Risk of Consumer Backlash
- While increased access to consumer data and ad targeting have been shown to improve ad performance, there is evidence that tracking consumers to sell products or services may result in consumer backlash.
- This risk is more pronounced now that data breaches, fake news, and creepy ads have increased consumers' awareness of web cookies tracking their every move online.
- A case in point is Target whose targeted coupons for pregnancy-related products drew ire from consumers. For one of its promotions, Target sent these coupons to women it believed to be pregnant. The targeting became controversial because a father inadvertently learned through this coupon that his teenage daughter was expecting.
- Consumers who learn they have been targeted by a brand in unacceptable ways are less likely to trust that brand or engage with that brand.
Risk of Litigation
- Advertisers that track consumers run the risk of litigation as well. Advertisers can land in court and lose money in the process if they are not careful about handling consumer data.
- Toysmart.com, an online toy retailer that is now bankrupt, was sued by the Federal Trade Commission when it planned to sell off consumer data to the top bidder.
- Advertising network DoubleClick, which monitors Internet users anonymously, was sued as well for planning to match its real-world mailing list with its database of anonymous Internet users.
Risk of Reduced Ad Effectiveness
- Consumers' heightened awareness of tracking by advertisers could lead to reduced ad performance if it brings about privacy concerns.
- Three researchers from Harvard Business School recently discovered that when consumers learn companies are making inferences about them based on their activity on third-party websites, they feel "intruded upon." Ad effectiveness, in turn, declines.
- According to these researchers, these findings mirror social truths. For consumers, tracking them across websites and making inferences based on this collected data is akin to talking behind their back. If talking behind people's backs is socially unacceptable, then making inferences about people based on their activity on third-party websites is unacceptable as well.
- Ads that disclose to consumers that they have been targeted because of their activity on third-party websites were found to be 24% less effective than ads that disclose to consumers that they have been targeted because of the products they have selected in the past.
- Ads that disclose to consumers that they have been targeted because of inferences were found to be 17% less effective than ads that disclose to consumers that they have been targeted because of information they willingly provided.
Risk of Intrusion
- Advertisers need to strike the right balance between privacy and personalization if they do not want to run the risk of intrusion. As far as ad personalization is concerned, there is a thin line between delightful and creepy.

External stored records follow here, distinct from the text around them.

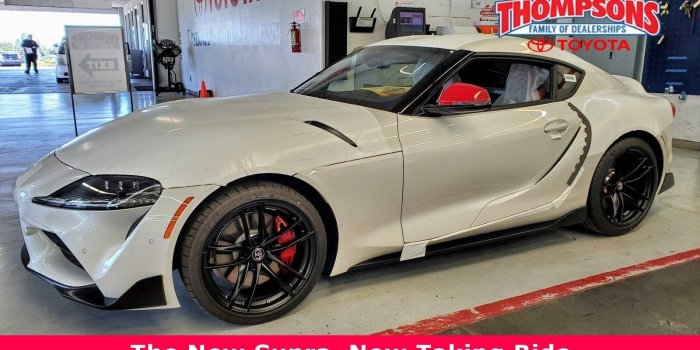 1600x900 2020 Toyota GR Supra 3.0 Premium Launch Edition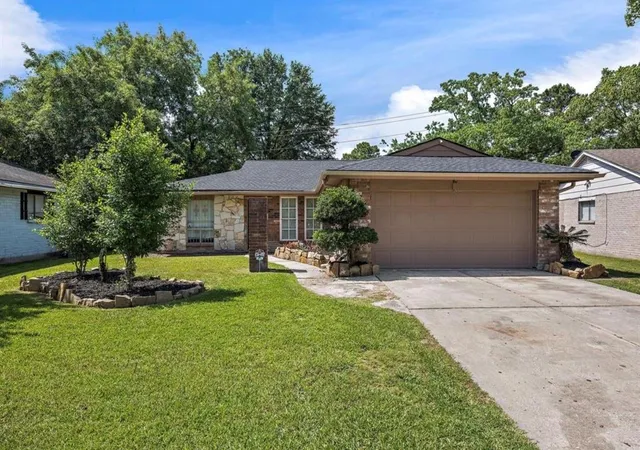 Photo 1 of Sale Pending at 7519 Silent Wood Ln, Houston, TX 77086 | MLS# 62826121 | Listing updated on 2026-09-08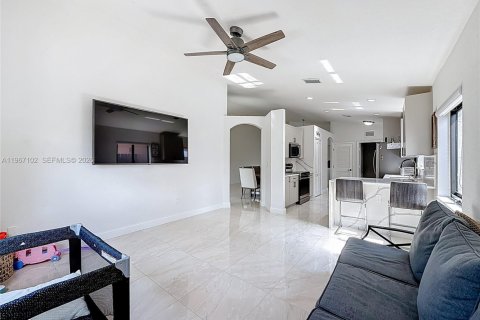Casa en venta en Cutler Bay, Florida, 3 dormitorios, 160.54 m2 № 2029935 - foto 15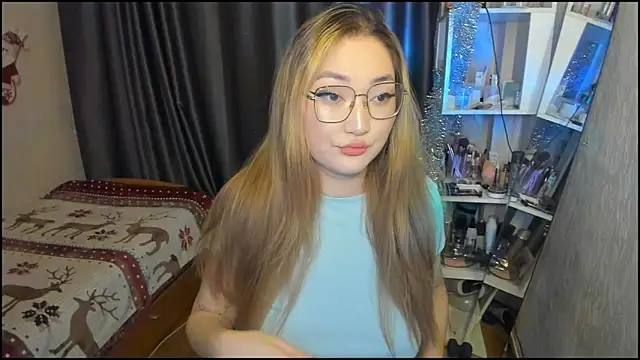 lyra x online show from January 6, 2026, 3:27 pm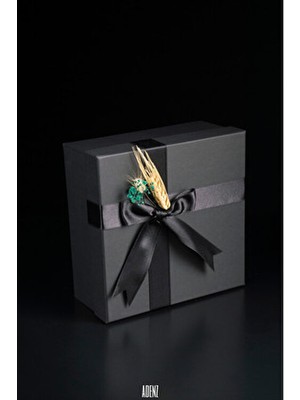 Hediye Kutusu Siyah - Kırpık Kağıt - 1 Sınıf Saten Kurdele- Kuru Çiçek Süsleme- Yılbaşı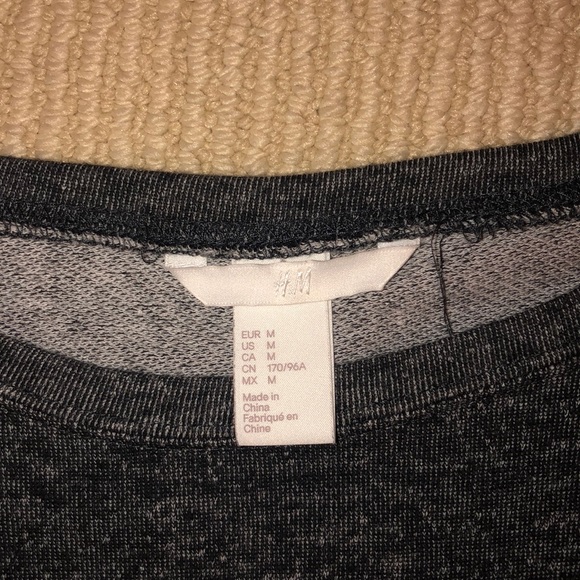 Black sweater - Picture 2 of 3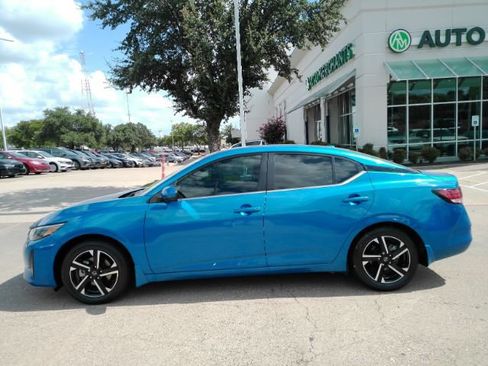 Used 2024 Nissan Sentra SV FWD image 10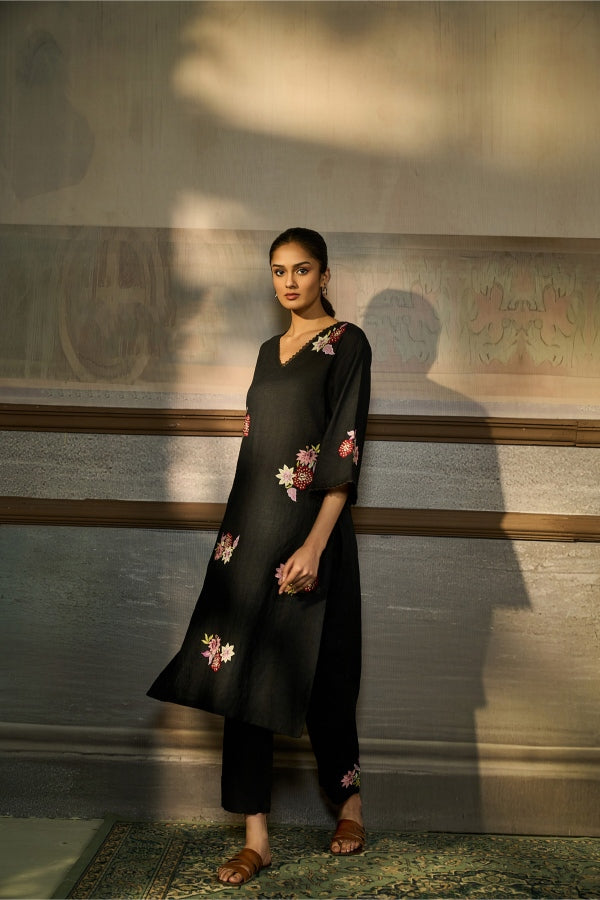 Black Floral Embroidered Kurta Set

- More than 60% of consumers find the following advertising actions acceptable: product recommendations that were based on their purchase history, birthday emails, and reminders about items left in their online shopping cart.
- In contrast, less than 50% of consumers find the following instances acceptable: receiving an email with a coupon while browsing at a store, and receiving an ad for a recently discussed product.
- Consumers who feel intruded upon can turn off personalized ads or use ad blockers. According to a survey, 34.1% of millennials, 29.2% of Gen Xers, and 22.3% of Boomers have successfully switched off personalized ads. Also, this survey indicates that 64.4% of male consumers and 52.6% use ad blockers.
- It appears that the things that distinguish delightful personalization from creepy personalization are as follows: (a) whether information was obtained within or outside the website where the ad appears, and (b) whether information was willingly provided by the consumer or inferred by the advertiser.
Though we could not locate any source that readily lists the risks that advertisers face when tracking consumers, we were able to identify the aforementioned risks by reading through sources that cover the risks, dangers, implications, or disadvantages of ad targeting or personalization. We know that advertisers track consumers mainly to improve ad targeting or personalization, so we looked for sources discussing this topic, and noted insights that touch on consumer tracking and privacy concerns. While we were able to list four risks above, these four risks all boil down to the risk of turning off consumers or infringing on the rights of consumers.